REQUIREMENT:
From the entries below, reproduce exactly the lines from the one with "Should I Hire" through the one with "2017 Caterpillar 330FLN", both included, without images.

SUPPLIED DATA:
++++

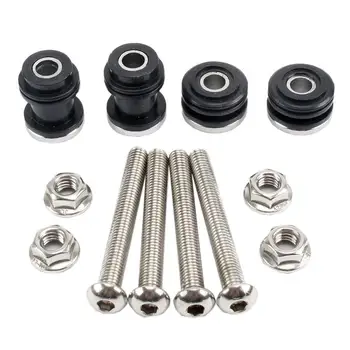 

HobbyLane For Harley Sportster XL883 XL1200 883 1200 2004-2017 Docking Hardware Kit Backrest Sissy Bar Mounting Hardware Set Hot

++++

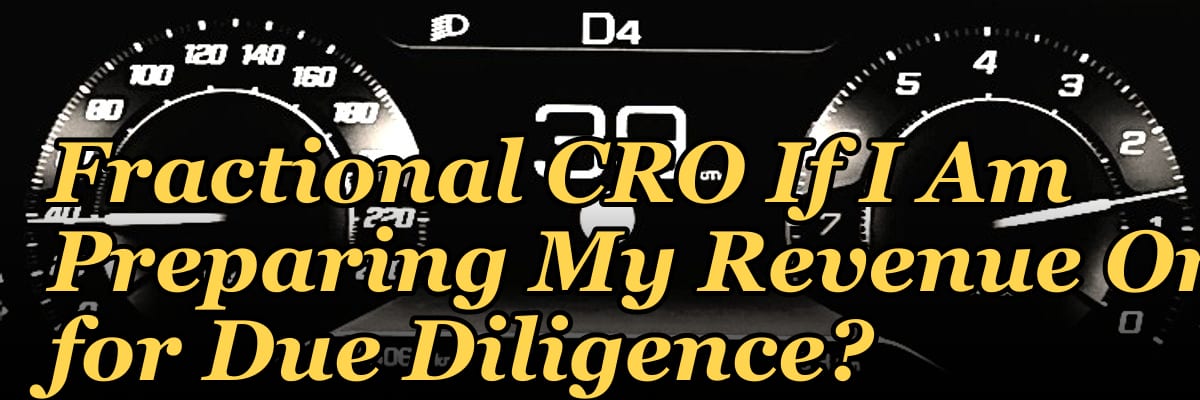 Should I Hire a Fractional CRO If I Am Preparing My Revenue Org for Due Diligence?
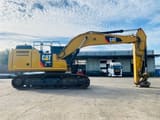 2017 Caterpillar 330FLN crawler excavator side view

++++

SOLUTION:
 Should I Hire a Fractional CRO If I Am Preparing My Revenue Org for Due Diligence?
 2017 Caterpillar 330FLN crawler excavator side view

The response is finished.